Skip to content

Testing: CI (GitHub Actions)

Kalum Ost edited this page May 29, 2025 · 8 revisions

Overview

SCT currently uses continuous integration (CI) to automatically run tests, and to perform code analysis (linting, coverage, etc.) on new contributions.

For pull requests, only key platforms (macOS, Ubuntu, Windows) are tested in most cases. However, daily tests for additional platforms (Arch, Debian, WSL) are run automatically on the master branch as well.

SCT uses GitHub Actions. GH Actions uses 'workflows' to define what should be run. Our workflow files are stored in the .github/workflows directory.

Note: SCT previously used Travis.org for CI testing. After Travis changed its pricing model, we made the switch to GitHub Actions.


Automated workflows

The majority of our GitHub actions are triggered automatically, either periodically (schedule) or on a new commit push (push). Naturally, these will be run without your input, with most sending you an email if they fail to run.

Note: A GitHub CI action failing is not always the result of changes you made! For example, the task which checks for broken links (Check for broken links) can fail if the server a URL references is down. If in doubt, you can select the failed GitHub action to view a log of its output; review it and see what went wrong, and go from there.

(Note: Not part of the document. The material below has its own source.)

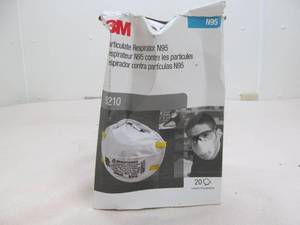 lot 16 image: 3M  particle  respirator N95 masks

Manually-executed workflows

Many GitHub Actions can also be triggered upon request via "workflow_dispatch". One of these is the Tests workflow; this allows to to request GitHub to re-run all tests on a given branch without needing to make a new commit to the repo.

To run a task with this capability, navigate to the Actions page of this repository. You can then select the workflow you want from the sidebar to the left, and (assuming it has a workflow_dispatch trigger) an option to manually trigger it should appear:

Screenshot from 2021-06-01 09-49-20


CI-related issues

SCT uses a CI label to keep track of issues and quirks with GitHub Actions.